▸ WHAT TO PRODUCE
Lines from the one containing "Hello friends, welcome" through the final line of the data, restated word for word and free of pictures, make up the whole answer.

(Data entries)
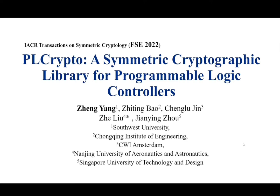Hello, I'm Zhiting. I wanted to be here to give you a presentation of PLCrypto — an Asymmetrical Cryptographic Library for Programmable Logic Controllers.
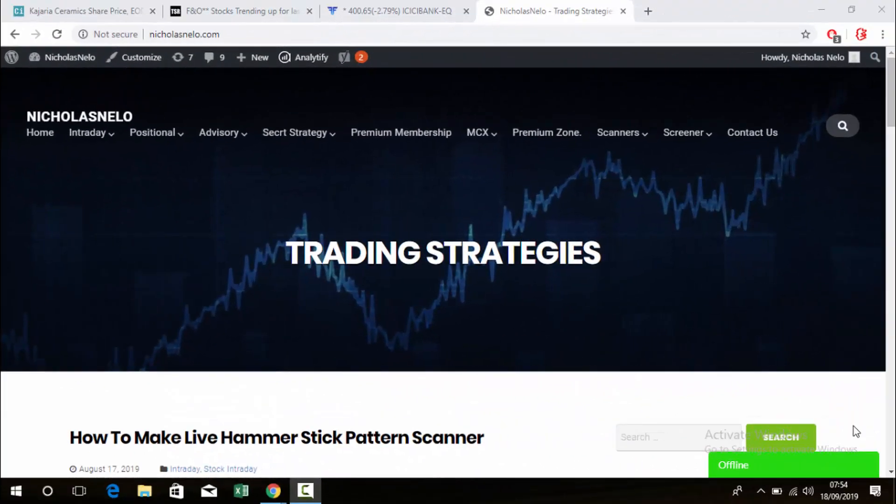Hello friends, welcome back to my trading channel. If you are a new viewer, please visit my website nicholasvila.com, where you can find intraday, positional, and some scanners. I hope these scanners and videos are helpful for intraday and positional trading.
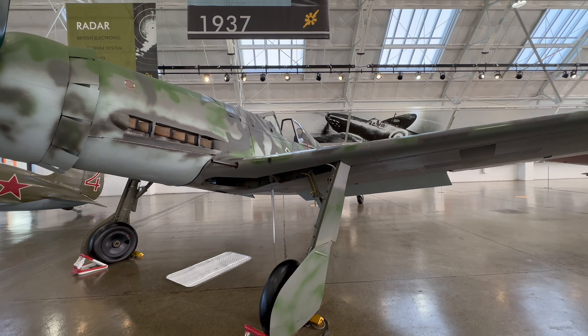The Focke-Wulf 190 D-13 was one of the most advanced piston engine fighters ever built. The most notable change to the potent F-190 design was the late-war addition of a Junkers Jumo engine in place of the earlier BMW radials. These long-nosed D models also had a stretched aft fuselage to maintain center of gravity. D model fighters proved to be the most successful example of the 190 series, competing with the P-51 Mustang and late model Spitfires on even terms.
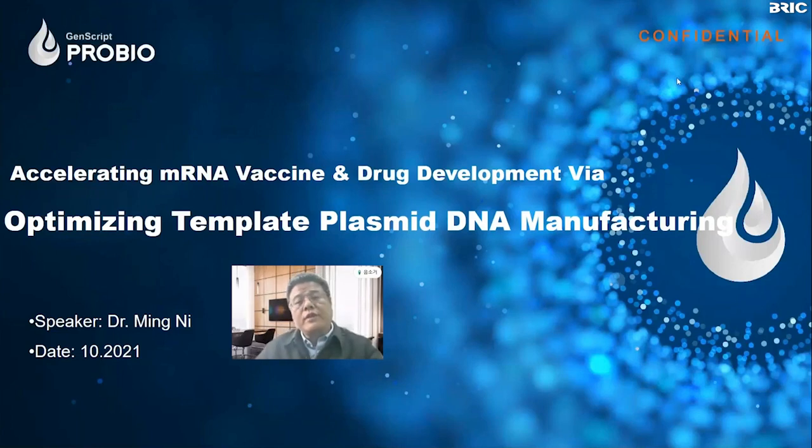Thank you for your kind introduction. Today it is my great pleasure to talk about the topic I'm working on at GenScript ProBio. Today's seminar is entitled 'Accelerating Messenger RNA Vaccine and Drug Development While Optimizing Template Plasmid DNA Manufacturing.'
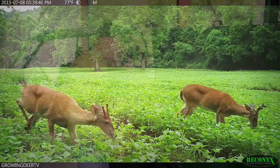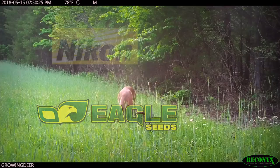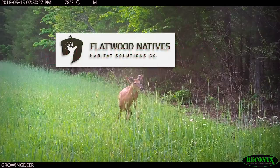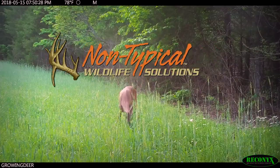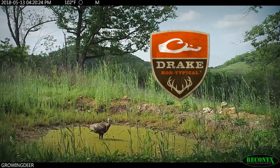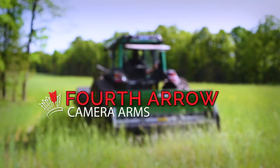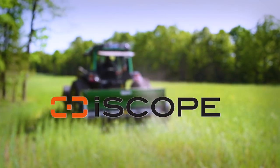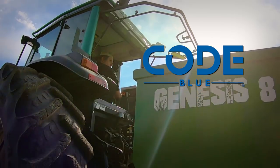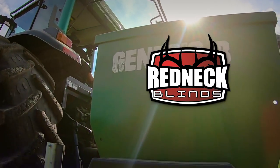GrowingDeer is brought to you by Bass Pro Shops and Cabela's. Also by Reconyx, Trophy Rock, Eagle Seed, Nikon, Winchester, LaCrosse Footwear, Bloodsport Arrows, Flatwood Natives, Morrell Targets, Non-Typical Wildlife Solutions, Hooks Custom Calls, Montana Decoys, Summit Treestands, Drake Non-Typical Clothing, Howes Lubricator, RTP Outdoors, Yamaha, Fourth Arrow, Scent Crusher, iScope, Mossy Oak Properties of the Heartland, Hunter's Blend Coffee, Code Blue, Decode, Cheap Buy Broadheads, Prime Bows, and Redneck Hunting Blinds.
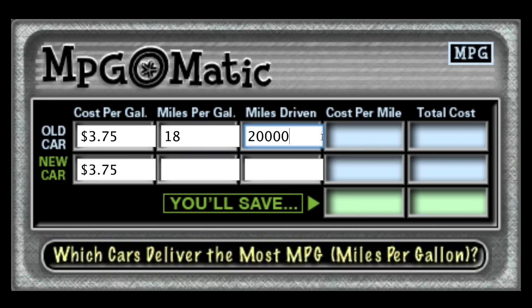We're going to say your old vehicle was 18 miles per gallon — it's a gas-guzzling SUV — and that you travel 20,000 miles, which is kind of a lot, but plug in your numbers and see how they work out. Pop to the next field and instantly you'll see the cost per mile and total cost. At $3.75 per gallon in an 18 MPG vehicle over 20,000 miles, your cost per mile is 20.8 cents and your total cost for the year is $4,160. That's a big chunk of change.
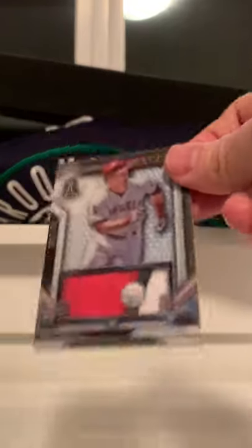And this one is probably the biggest card in the set — Trout, if you've heard of him. Love this guy.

▸ SOLUTION TO THIS PROBLEM
Hello friends, welcome back to my trading channel. If you are a new viewer, please visit my website nicholasvila.com, where you can find intraday, positional, and some scanners. I hope these scanners and videos are helpful for intraday and positional trading.
The Focke-Wulf 190 D-13 was one of the most advanced piston engine fighters ever built. The most notable change to the potent F-190 design was the late-war addition of a Junkers Jumo engine in place of the earlier BMW radials. These long-nosed D models also had a stretched aft fuselage to maintain center of gravity. D model fighters proved to be the most successful example of the 190 series, competing with the P-51 Mustang and late model Spitfires on even terms.
Thank you for your kind introduction. Today it is my great pleasure to talk about the topic I'm working on at GenScript ProBio. Today's seminar is entitled 'Accelerating Messenger RNA Vaccine and Drug Development While Optimizing Template Plasmid DNA Manufacturing.'
GrowingDeer is brought to you by Bass Pro Shops and Cabela's. Also by Reconyx, Trophy Rock, Eagle Seed, Nikon, Winchester, LaCrosse Footwear, Bloodsport Arrows, Flatwood Natives, Morrell Targets, Non-Typical Wildlife Solutions, Hooks Custom Calls, Montana Decoys, Summit Treestands, Drake Non-Typical Clothing, Howes Lubricator, RTP Outdoors, Yamaha, Fourth Arrow, Scent Crusher, iScope, Mossy Oak Properties of the Heartland, Hunter's Blend Coffee, Code Blue, Decode, Cheap Buy Broadheads, Prime Bows, and Redneck Hunting Blinds.
We're going to say your old vehicle was 18 miles per gallon — it's a gas-guzzling SUV — and that you travel 20,000 miles, which is kind of a lot, but plug in your numbers and see how they work out. Pop to the next field and instantly you'll see the cost per mile and total cost. At $3.75 per gallon in an 18 MPG vehicle over 20,000 miles, your cost per mile is 20.8 cents and your total cost for the year is $4,160. That's a big chunk of change.
And this one is probably the biggest card in the set — Trout, if you've heard of him. Love this guy.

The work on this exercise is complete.